◆ TASK DIRECTIONS
Filter the listing below for "with" and report every line that has it.

** Opening PROVIDED MATERIAL block **

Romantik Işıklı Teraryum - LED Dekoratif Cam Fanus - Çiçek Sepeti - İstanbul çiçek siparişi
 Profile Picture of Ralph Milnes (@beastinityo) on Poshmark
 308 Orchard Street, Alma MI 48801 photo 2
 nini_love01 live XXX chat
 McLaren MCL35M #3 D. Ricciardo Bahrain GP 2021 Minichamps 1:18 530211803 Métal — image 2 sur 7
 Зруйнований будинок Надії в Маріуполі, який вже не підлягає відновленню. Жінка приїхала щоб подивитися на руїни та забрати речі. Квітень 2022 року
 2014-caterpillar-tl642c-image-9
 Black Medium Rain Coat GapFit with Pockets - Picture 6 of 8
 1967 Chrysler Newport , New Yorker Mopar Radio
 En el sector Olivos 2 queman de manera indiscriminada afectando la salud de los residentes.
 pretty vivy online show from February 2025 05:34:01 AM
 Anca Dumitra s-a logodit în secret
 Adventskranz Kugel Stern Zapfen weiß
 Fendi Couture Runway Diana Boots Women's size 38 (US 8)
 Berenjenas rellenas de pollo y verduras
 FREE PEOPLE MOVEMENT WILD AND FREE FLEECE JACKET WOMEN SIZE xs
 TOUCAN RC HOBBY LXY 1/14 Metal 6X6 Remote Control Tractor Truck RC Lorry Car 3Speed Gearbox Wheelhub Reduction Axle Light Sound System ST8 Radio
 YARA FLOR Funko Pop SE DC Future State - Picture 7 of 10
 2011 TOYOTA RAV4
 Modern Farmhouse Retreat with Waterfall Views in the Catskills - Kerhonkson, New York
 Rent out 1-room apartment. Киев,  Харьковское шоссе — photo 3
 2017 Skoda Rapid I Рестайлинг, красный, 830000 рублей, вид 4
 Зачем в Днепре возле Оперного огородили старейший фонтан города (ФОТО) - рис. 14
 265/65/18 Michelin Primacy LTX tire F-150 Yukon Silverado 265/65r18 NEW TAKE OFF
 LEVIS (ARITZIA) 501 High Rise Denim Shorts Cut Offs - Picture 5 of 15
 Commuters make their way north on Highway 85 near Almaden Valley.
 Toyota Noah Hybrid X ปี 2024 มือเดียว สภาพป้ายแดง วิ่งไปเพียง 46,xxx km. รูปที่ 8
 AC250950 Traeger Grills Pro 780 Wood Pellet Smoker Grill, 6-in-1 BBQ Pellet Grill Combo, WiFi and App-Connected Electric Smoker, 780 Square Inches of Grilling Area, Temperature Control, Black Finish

** Closing PROVIDED MATERIAL block **

◆ YOUR RESPONSE
 Black Medium Rain Coat GapFit with Pockets - Picture 6 of 8
 Modern Farmhouse Retreat with Waterfall Views in the Catskills - Kerhonkson, New York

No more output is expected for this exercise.